▶ _Problem to work on_
Leave every image out, and return the rest of the data word for word.

#### Stored data ####

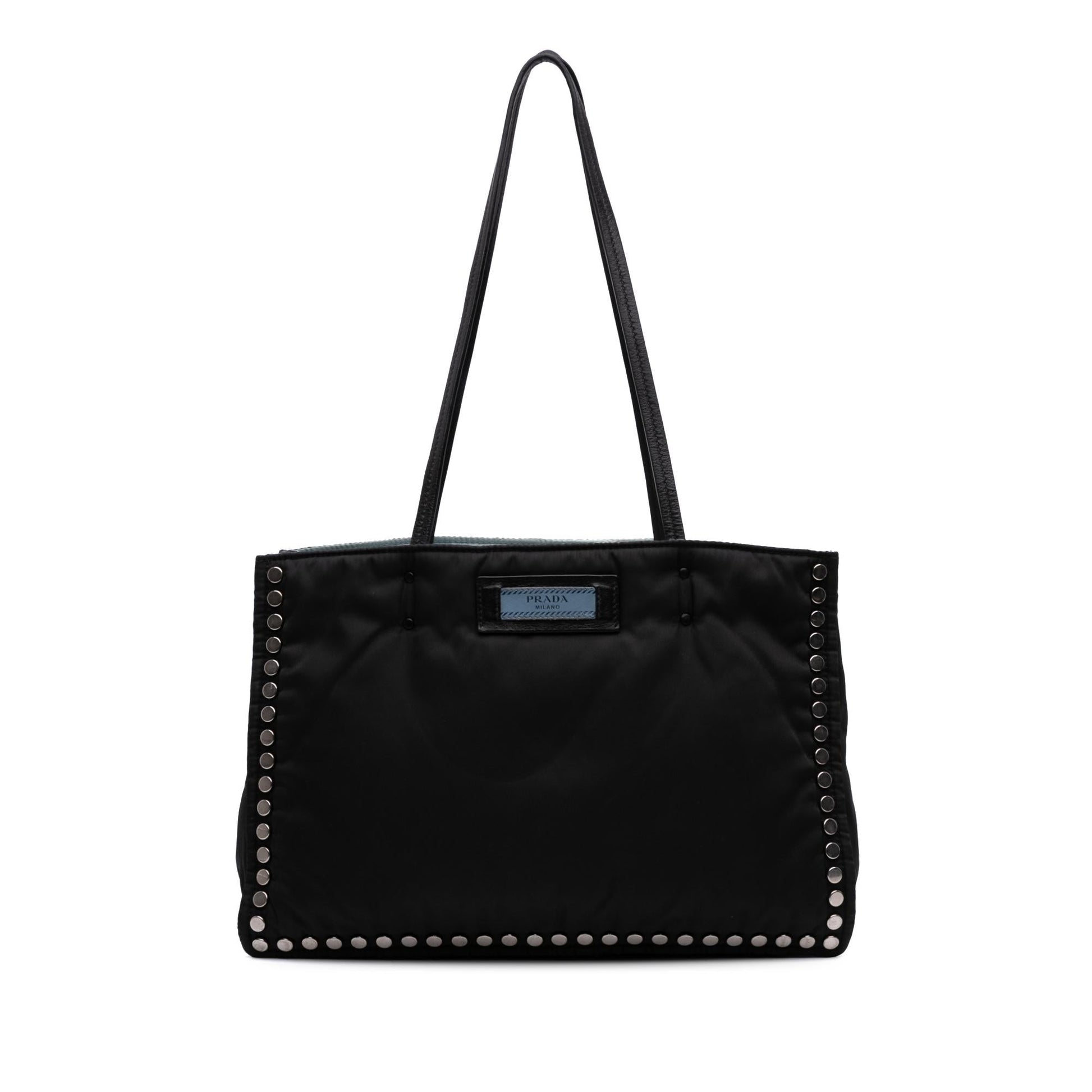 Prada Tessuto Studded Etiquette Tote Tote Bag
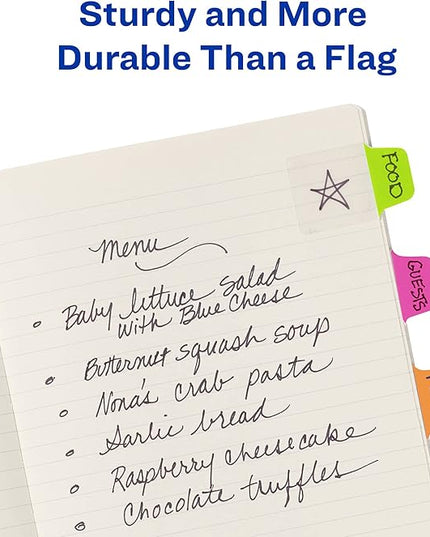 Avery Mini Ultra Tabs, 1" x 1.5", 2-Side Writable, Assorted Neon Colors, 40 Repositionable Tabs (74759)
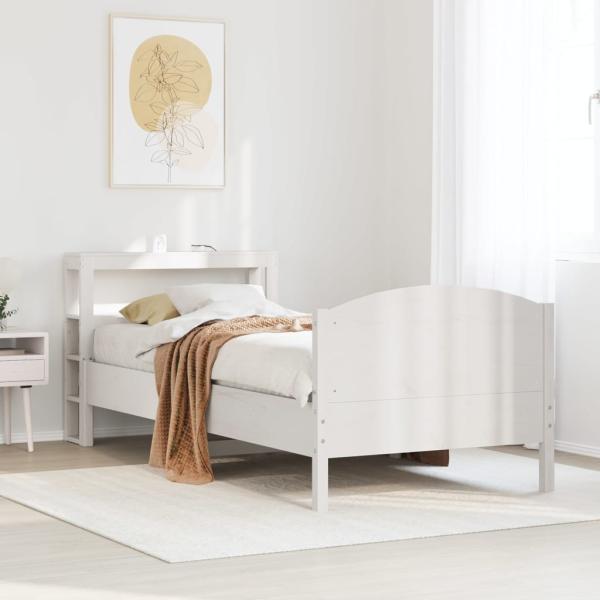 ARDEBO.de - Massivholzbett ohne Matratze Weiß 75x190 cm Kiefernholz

####

▶ _Result for this exercise_
 Prada Tessuto Studded Etiquette Tote Tote Bag
 Avery Mini Ultra Tabs, 1" x 1.5", 2-Side Writable, Assorted Neon Colors, 40 Repositionable Tabs (74759)
 ARDEBO.de - Massivholzbett ohne Matratze Weiß 75x190 cm Kiefernholz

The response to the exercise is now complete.